Никогда не буду я в силах передать тебе этого глубоко грустного впечатления. Представь себе, что мы были на возвышенности, с которой виден весь Севастополь, бухта с нашими грустно расснащенными кораблями, море с грозным и многочисленным флотом наших врагов, горы, покрытые нашими батонами, на которых Нахимов бывал беспрестанно, ободряя еще более примером, чем словами. Дальше — горы с неприятельскими батареями, с которых так беспощадно громят Севастополь и с которых и теперь они могли бы стрелять прямо в процессию. Но они были так любезны, что во все это время не было ни одного выстрела.
Представь же себе этот огромный вид, а над всем этим, и особливо над морем, мрачные, тяжелый тучи: только кое-где вверху блистало светлое облачко. Заунывная музыка, перезвон колоколов, печально-торжественное пение; очень много священников, генералов, офицеров, на всех лицах грустное выражение…
Так хоронили моряки своего синопского героя, так хоронил Севастополь своего неустрашимого защитника!
Ты не можешь себе представить того тяжелого чувства, с которым я смотрела на это, и как я наплакалась!
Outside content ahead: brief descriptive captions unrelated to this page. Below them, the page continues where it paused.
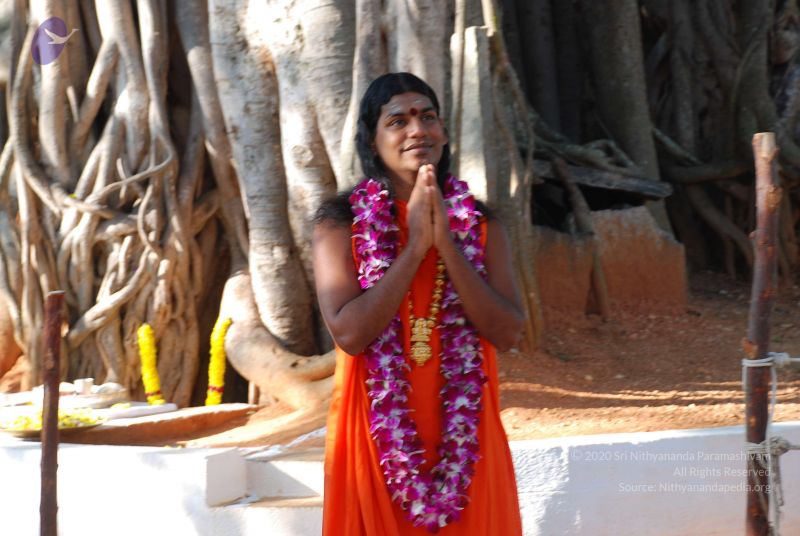 File:20081231 Photo 1417 1D jv7Dw7ifjVCeW3PpjTMgBAffa--cU5.JPG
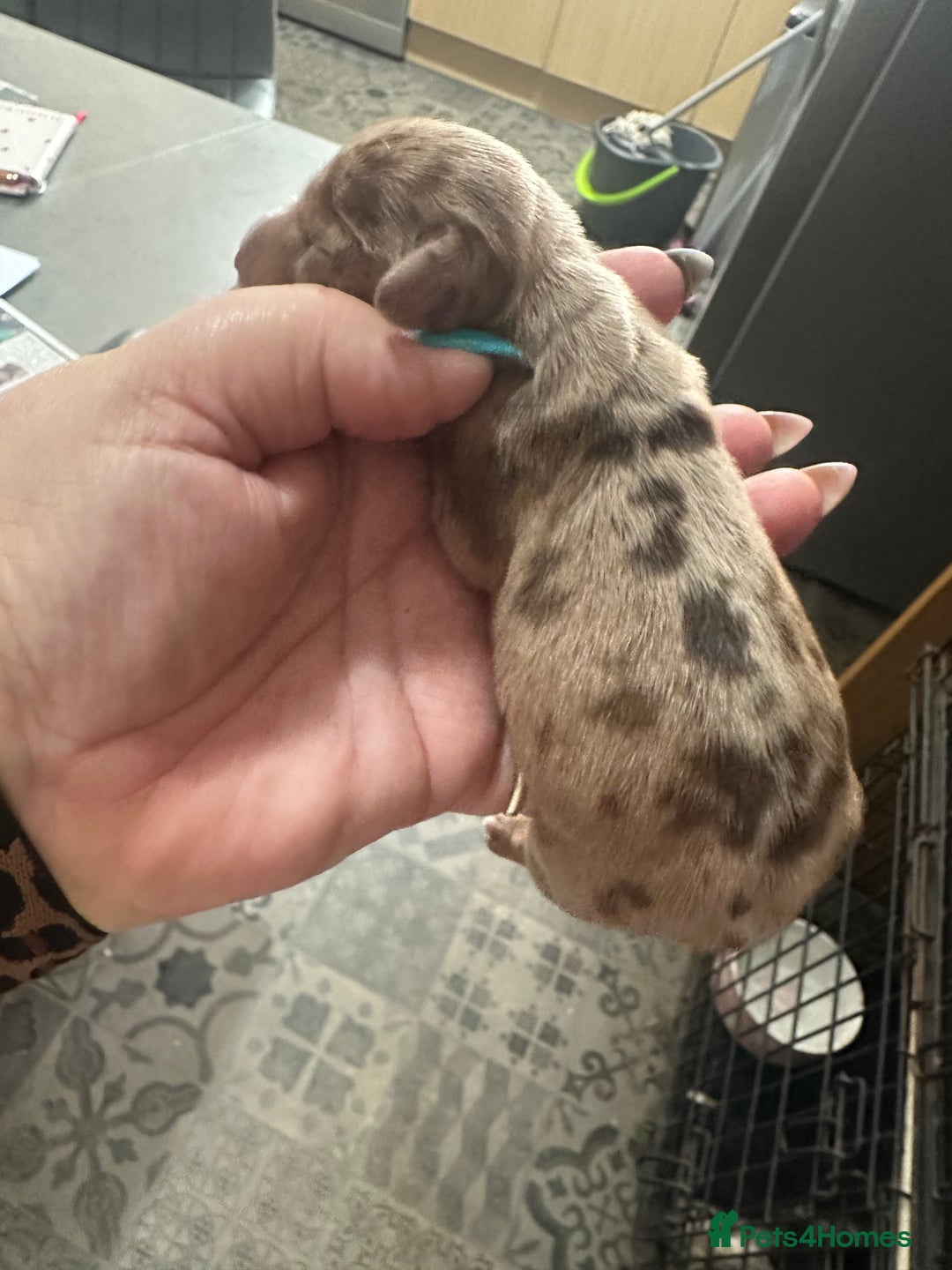Miniature Dachshund dogs for sale: Mini Dachshund  - Image 7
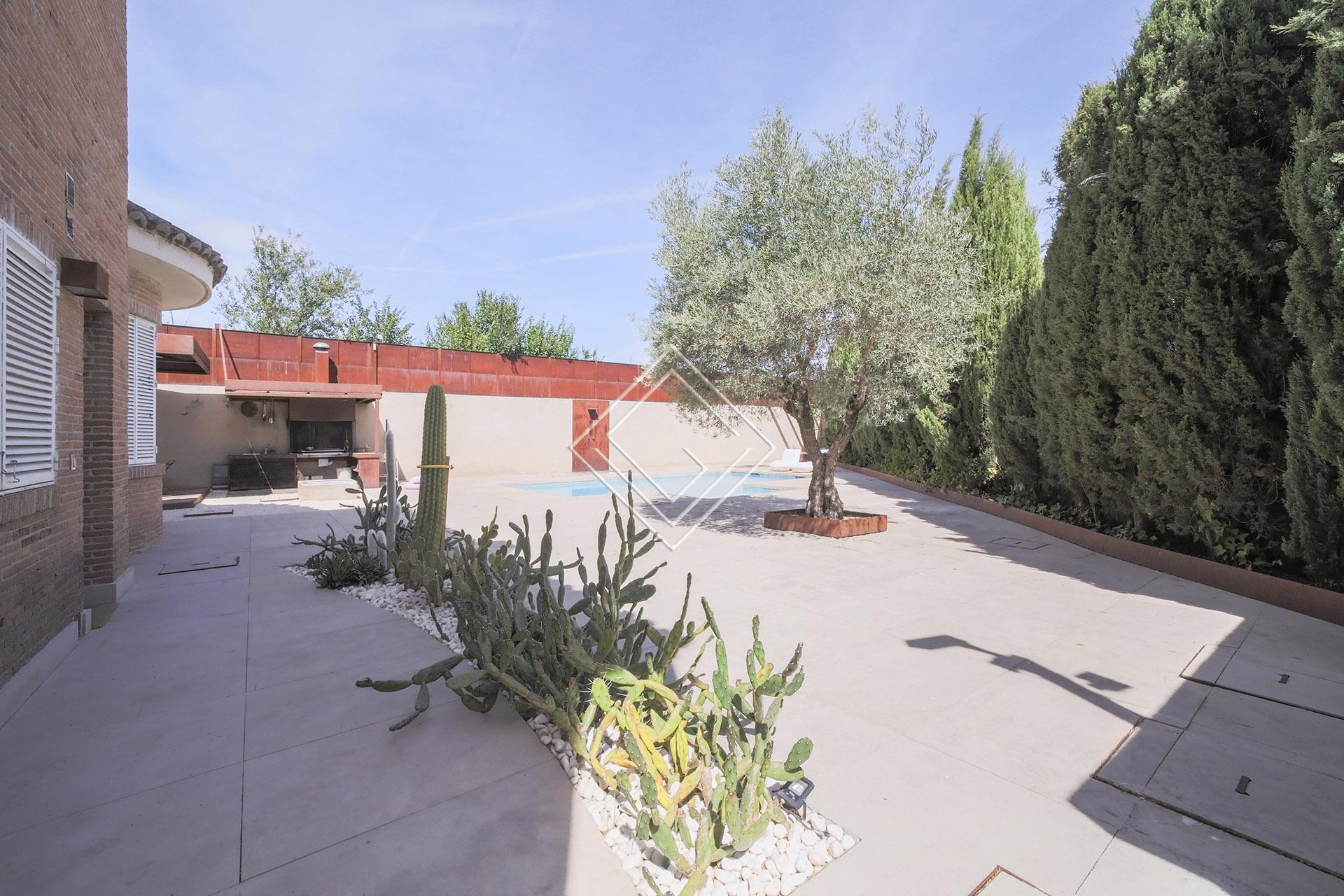 Imagen 12 de la propiedad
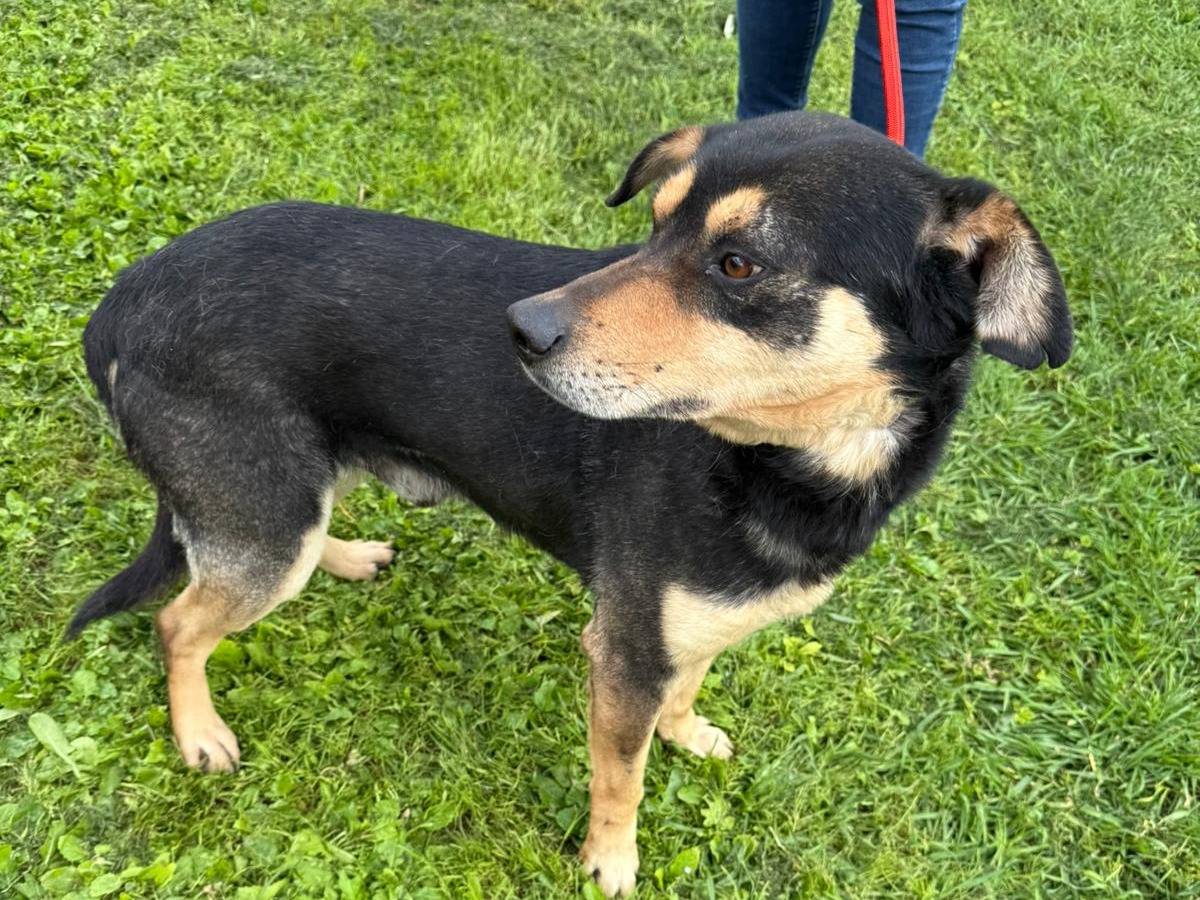 Adotta un cane, maschio, 5 anni  e 8 mesi , Matera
И сколько, сколько, я думаю, теперь поминают новопреставленного Павла!
Говорят, что он все жалованье свое и все, что мог, отдавал, чтобы помогать морякам. А как он тоже был внимателен к нашим раненым…»
…И опять пошли грустно однообразные, грозные дни, и как-то все более и более терялась надежда на что-нибудь хорошее. Бомбы все чаще и дальше к нам залетали. В половине июля я имела утешение проводить Творогова в Николаев.